Mais ce n'est pas une raison pour oublier de saluer comme il se doit sa "leçon d'adieu", donnée le 15 mai dernier (2012) à la Faculté de Théologie Protestante de Paris (IPT), sur le sujet suivant: Alphabet du salut par la foi: une liaison dangereuse dans la France du XVIe siècle (texte intégral ici).
Leçon d'adieu, vraiment?
Historienne reconnue pour son expertise en matière de protestantisme moderne (XVIe et XVIIe siècle en particulier), Marianne Carbonnier-Burkard a été de tous les combats, au cours des trente dernières années, au service de l'historiographie du protestantisme français, apportant une contribution signalée, au-delà de cet horizon, à la recherche française en histoire des religions.
On n'imagine pas que sa "leçon d'adieu" (2012) soit autre chose qu'un au-revoir.
Adieu, sans doute, à un poste de titulaire, le temps de la retraite administrative venue.
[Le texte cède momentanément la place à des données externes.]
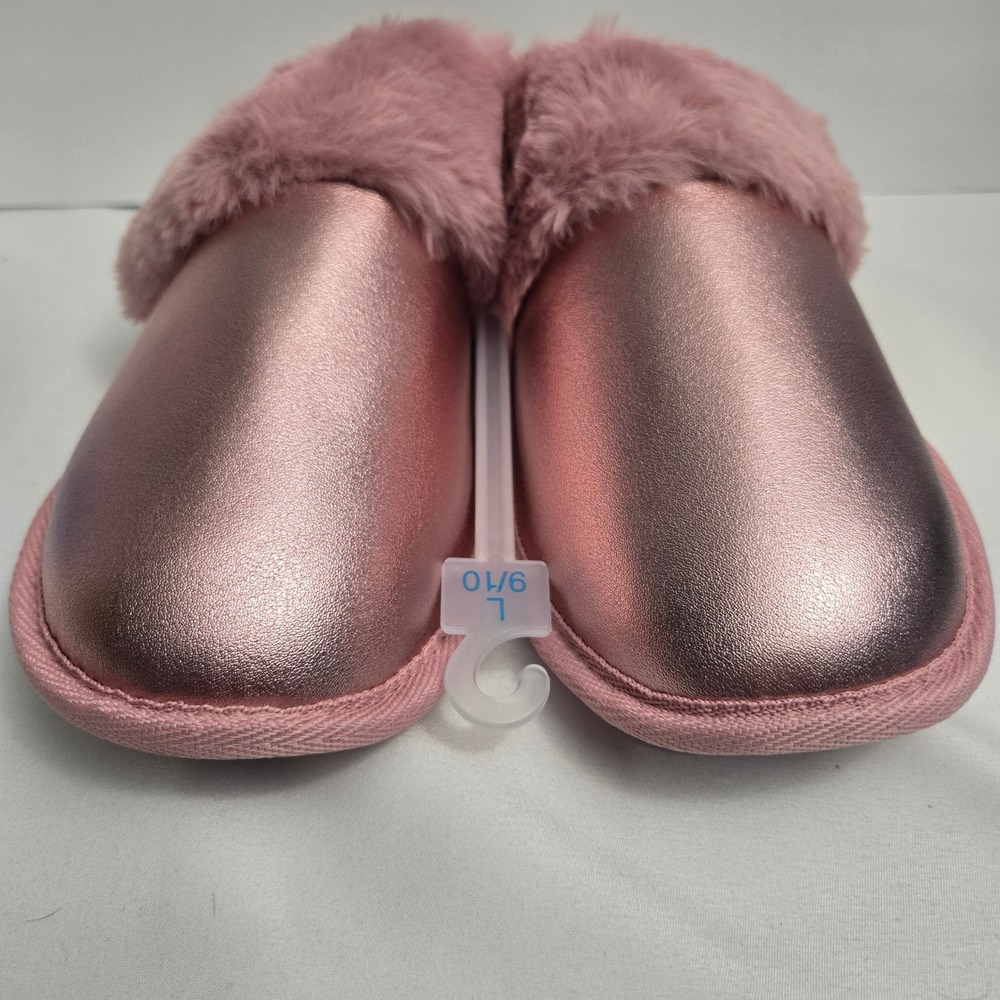 Auden Metallic Fuzzy Slides Slippers‎ Pink Rae L 9/10 - Picture 3 of 7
Mais simple au-revoir à la recherche et à l'écriture, que Marianne Carbonnier-Burkard, gageons-le, continuera à servir avec le talent et la passion qu'on lui connaît.
IPT, GRHP, Musée du Désert et toujours une même vocation
"Coordinatrice" (le mot est faible) du Groupe de recherches d'histoire des protestantismes, associant l’IPT-Paris, le LEM (EPHE-CNRS : UFR 8584) et l’Institut J.-B. Say (UPEC), deux fois doyenne de la Faculté de Théologie Protestante (IPT) en 2000-2002 et 2005-2007, elle est aussi, entre autres responsabilités, conservateur adjoint du Musée du Désert, principal lieu de mémoire du protestantisme français, au Mas Soubeyran (Cévennes), où se tient chaque année la fameuse Assemblée du Désert (premier dimanche de septembre).
C'est à ce titre qu'avec une efficacité discrète qui n'a d'égale que son flair à repérer les talents, elle contribue fidèlement à renouveler, d'année en année, l'éventail des oratrices et orateurs qui se succèdent, lors de cette Assemblée, pour nourrir, tels des relais de flamme olympique, la longue chaîne qui retrace chaque année au Désert, tantôt par la mémoire, tantôt par les sciences sociales, l'itinéraire protestant français depuis le XVIe siècle.
Non contente de multiples responsabilités collectives et d'un apport scientifique considérable sur l'anthropologie historique du protestantisme à l'époque moderne (le contemporéaniste que je suis n'est pas assez compétent pour l'apprécier à sa juste valeur), Marianne Carbonnier Burkard est une enseignante et une collègue qui valorise les autres.
Je ne suis pas prêt d'oublier avec quel panache elle avait dit au-revoir, sans notes et sourire aux lèvres, à Michelle MAGDELAINE (CNRS), voici plus de dix ans, alors que j'étais encore un très jeune chercheur. Auteure d'une base de donnée sur le Refuge huguenot, cette dernière prenait alors sa retraite, et Marianne Carbonnier Burkard avait su, dans son hommage, aller bien au-delà des mots convenus, démontrant une oblativité chaleureuse qui contraste avec sa grande retenue dès qu'il s'agit de parler d'elle.
Se souvenant du plaisir qu'elle a souvent montré à retracer l'itinéraire d'un(e) collègue, Marianne me pardonnera ce bref portrait si incomplet, tout petit jalon sur une route qui se poursuit, car plus que par une "carrière" (qui a un début et une fin réglementaire), Marianne est portée par une "vocation" d'historienne. Et qui peut dire jusqu'où la vocation nous mène?